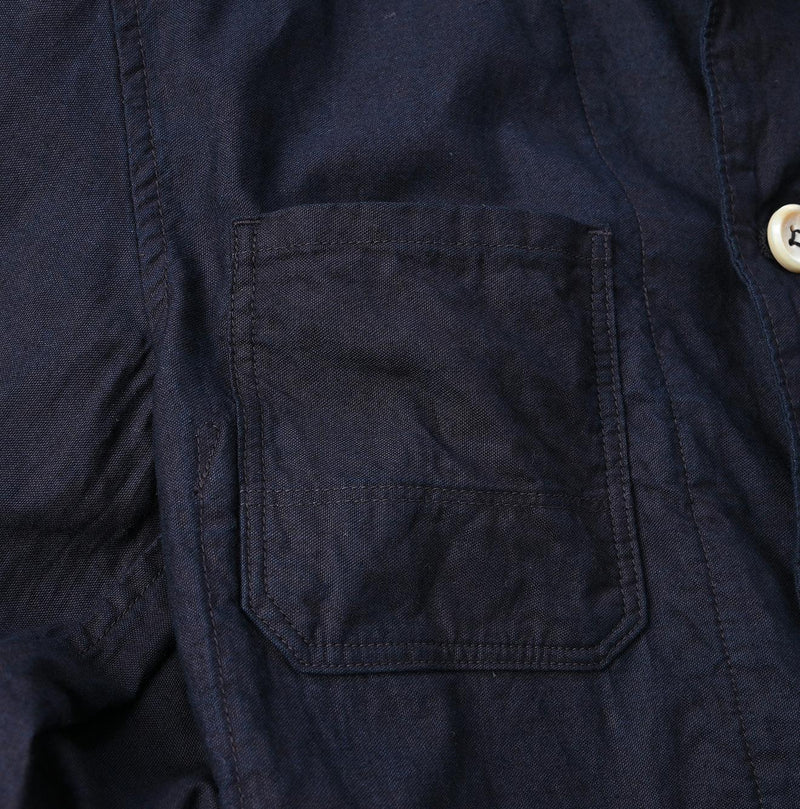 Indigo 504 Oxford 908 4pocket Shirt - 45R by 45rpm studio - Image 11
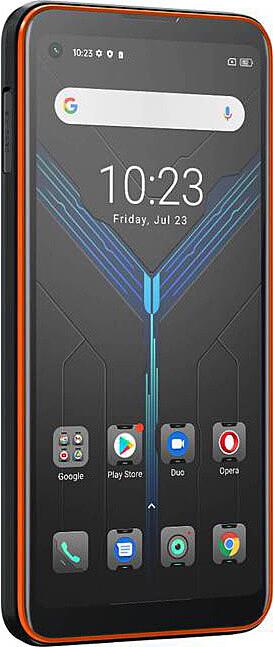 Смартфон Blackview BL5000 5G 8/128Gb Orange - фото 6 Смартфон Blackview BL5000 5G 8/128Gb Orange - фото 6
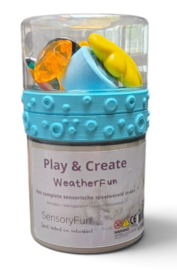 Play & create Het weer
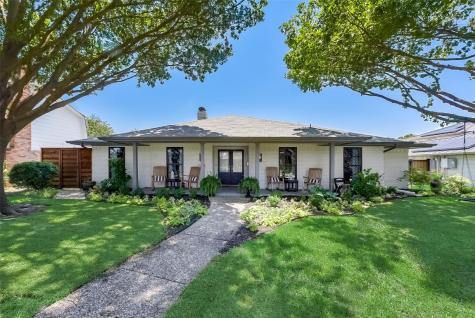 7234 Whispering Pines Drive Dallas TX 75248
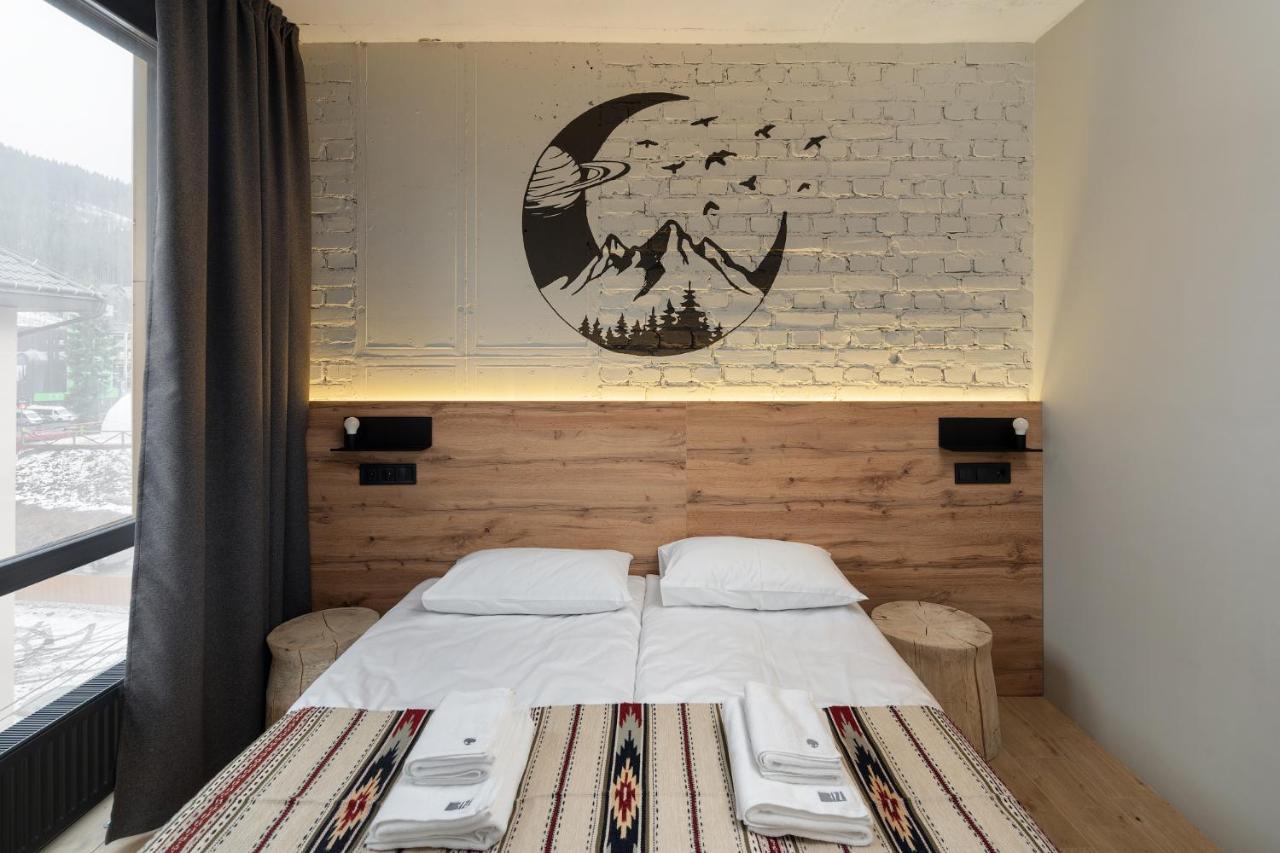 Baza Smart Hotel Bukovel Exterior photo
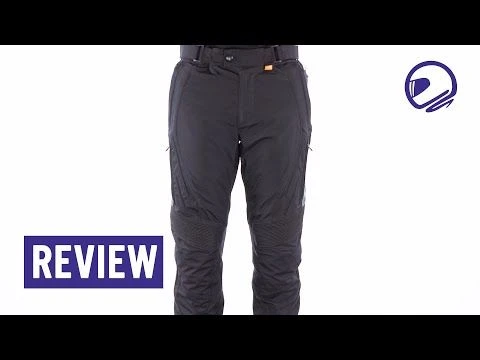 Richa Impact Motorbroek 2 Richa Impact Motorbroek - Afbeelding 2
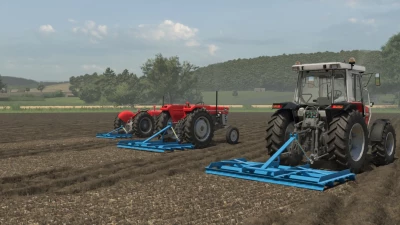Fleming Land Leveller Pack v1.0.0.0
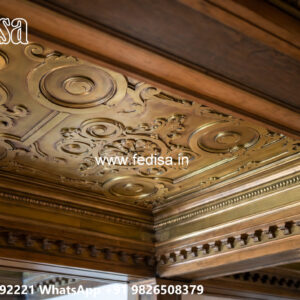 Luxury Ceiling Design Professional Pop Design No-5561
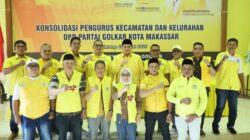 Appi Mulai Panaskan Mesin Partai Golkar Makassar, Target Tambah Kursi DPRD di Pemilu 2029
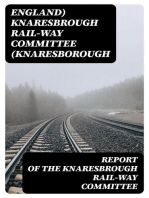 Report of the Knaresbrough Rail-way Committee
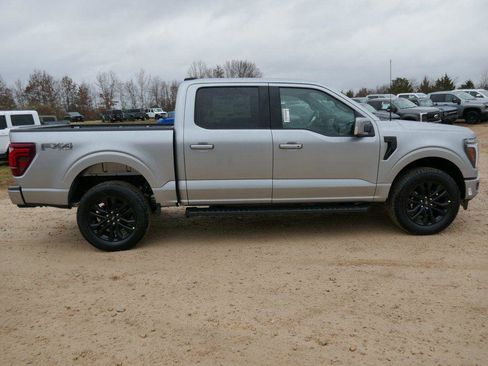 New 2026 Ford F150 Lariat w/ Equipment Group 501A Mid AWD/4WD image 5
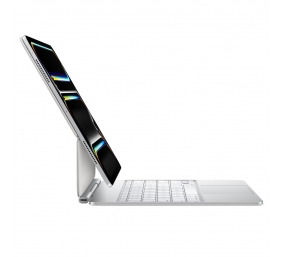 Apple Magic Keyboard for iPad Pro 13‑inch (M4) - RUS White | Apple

◇ ◇ ◇ ◇ ◇ ◇ ◇

### WHAT THE EXERCISE ASKS
Give back exactly the lines from the one with "Richa Impact Motorbroek 2" through the end of the records above, inclusive, and omit any pictures.

### COMPLETED EXERCISE
 Richa Impact Motorbroek 2 Richa Impact Motorbroek - Afbeelding 2
Fleming Land Leveller Pack v1.0.0.0
 Luxury Ceiling Design Professional Pop Design No-5561
 Appi Mulai Panaskan Mesin Partai Golkar Makassar, Target Tambah Kursi DPRD di Pemilu 2029
 Report of the Knaresbrough Rail-way Committee
 New 2026 Ford F150 Lariat w/ Equipment Group 501A Mid AWD/4WD image 5
 Apple Magic Keyboard for iPad Pro 13‑inch (M4) - RUS White | Apple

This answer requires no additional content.